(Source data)
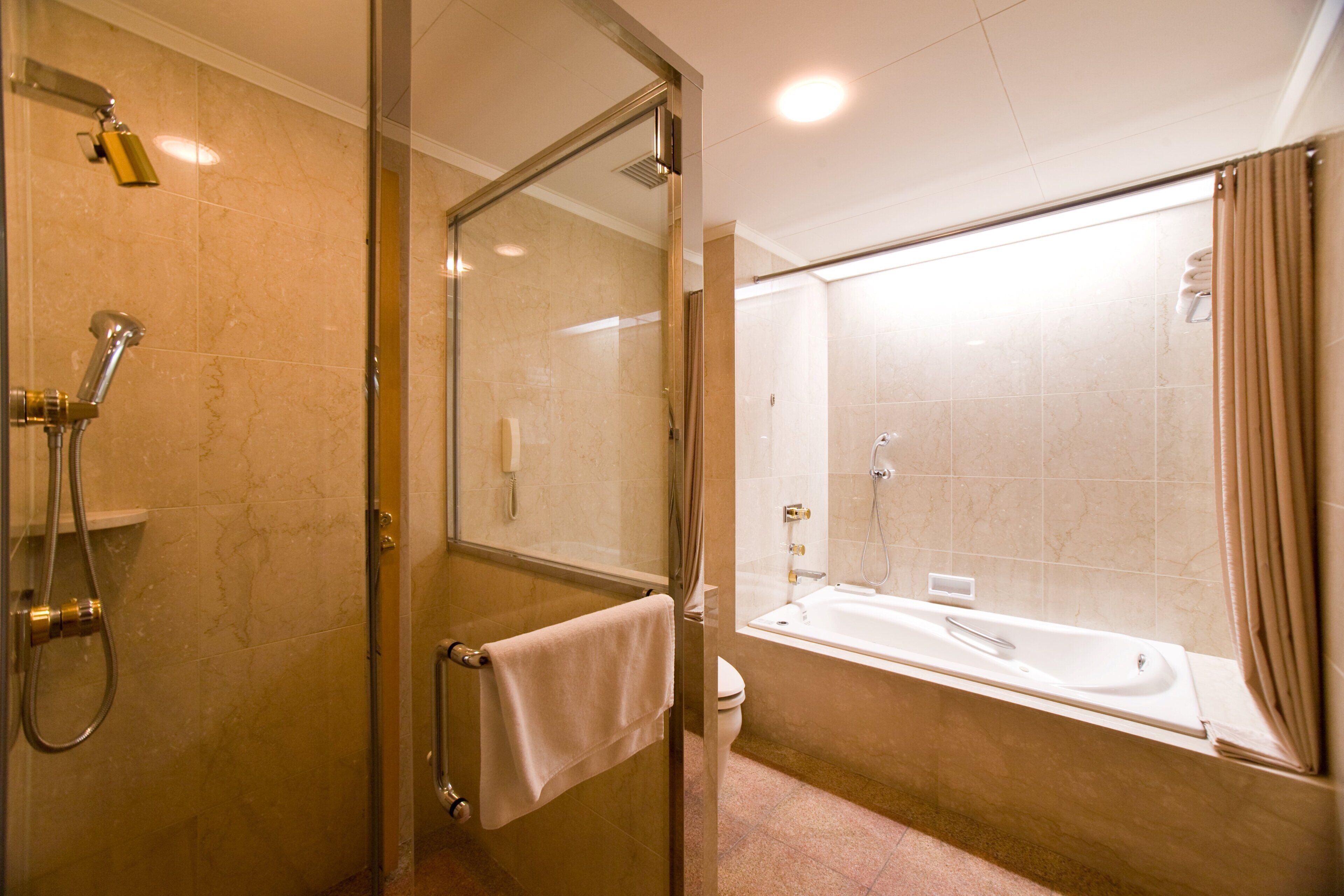 Une salle de bain avec une douche à parois de verre, des toilettes et une baignoire.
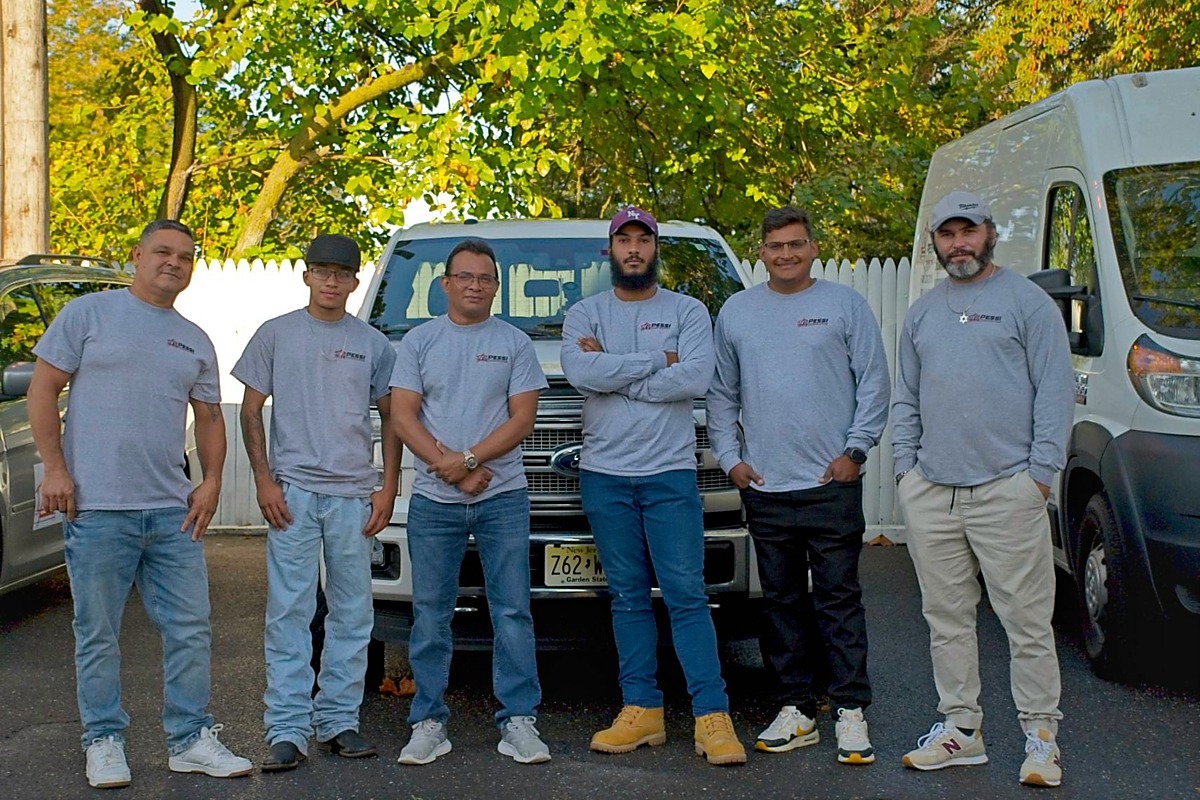 Antonio Pessi with the Pessi Construction team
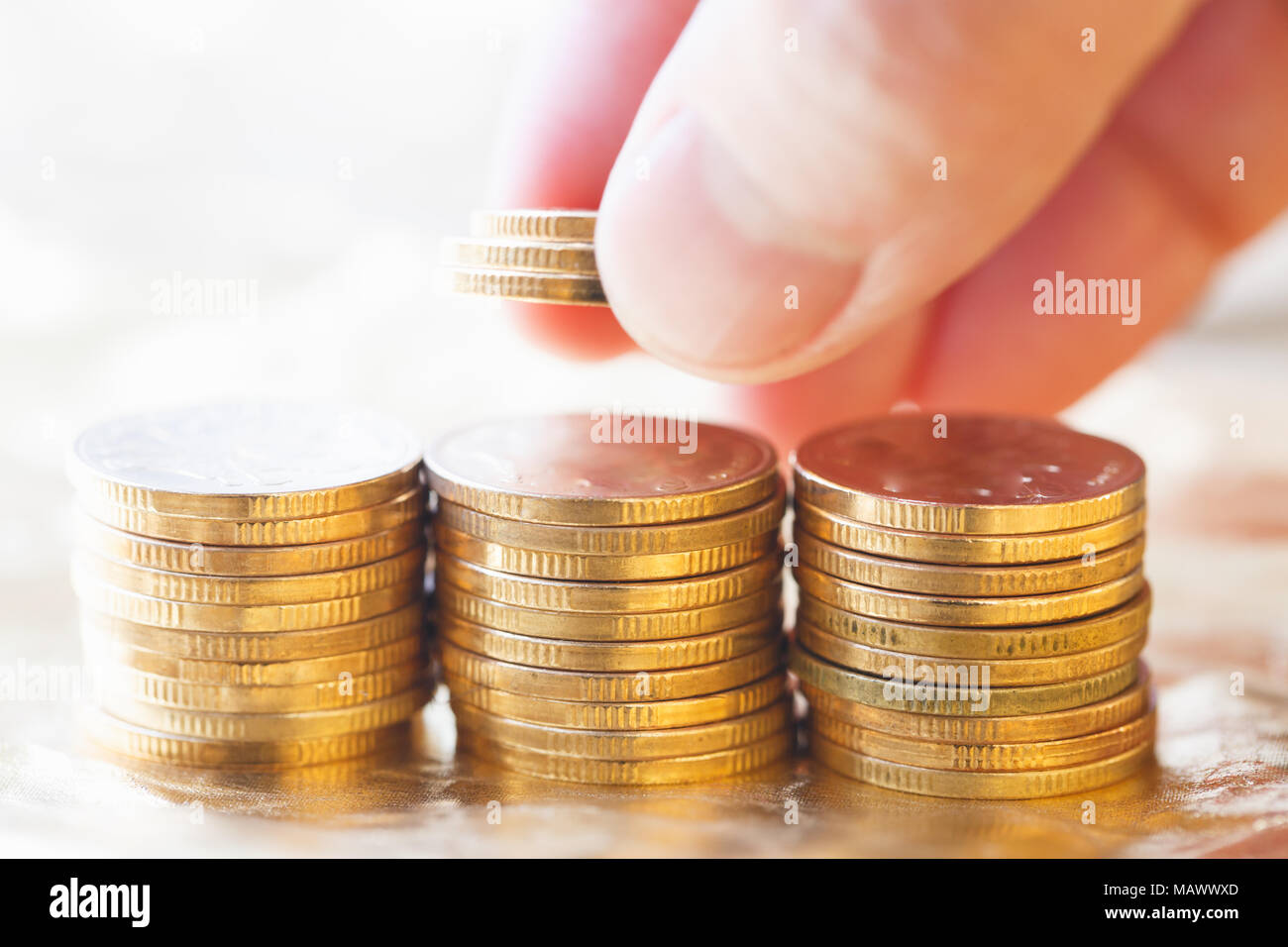 3 Stapel von Goldmünzen senden Sie das goldene Licht Stockfoto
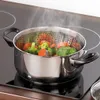 A steaming vegetable steamer insert is placed in a pot on a stovetop. Produktbild-Vorschau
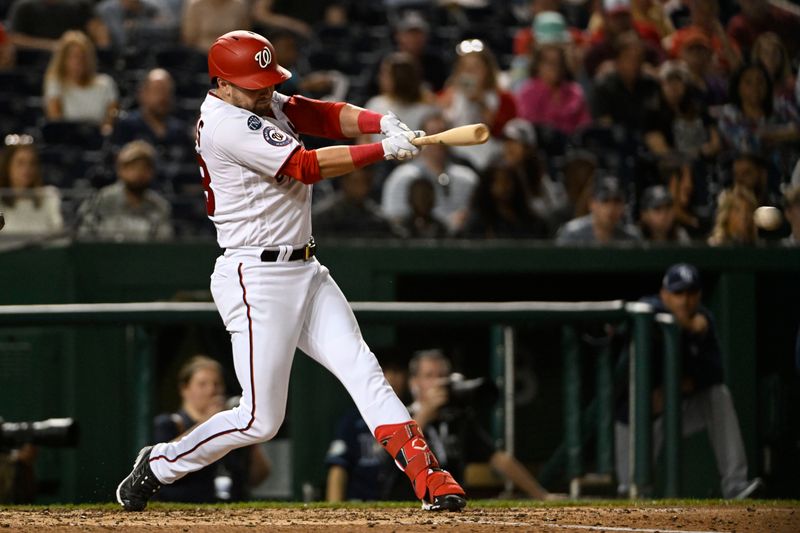 Apr 4, 2023; Washington, District of Columbia, USA; Washington Nationals right fielder Lane Thomas (28) hits an RBI single against the Tampa Bay Rays during the fourth inning at Nationals Park. Mandatory Credit: Brad Mills-USA TODAY Sports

__WHAT IS NEEDED__
Would you please copy, exactly and only, the lines from the one with "Antonio Pessi with" through the end of the entries above, skipping every picture?

__SOLUTION__
 Antonio Pessi with the Pessi Construction team
 3 Stapel von Goldmünzen senden Sie das goldene Licht Stockfoto
 A steaming vegetable steamer insert is placed in a pot on a stovetop. Produktbild-Vorschau
 Apr 4, 2023; Washington, District of Columbia, USA; Washington Nationals right fielder Lane Thomas (28) hits an RBI single against the Tampa Bay Rays during the fourth inning at Nationals Park. Mandatory Credit: Brad Mills-USA TODAY Sports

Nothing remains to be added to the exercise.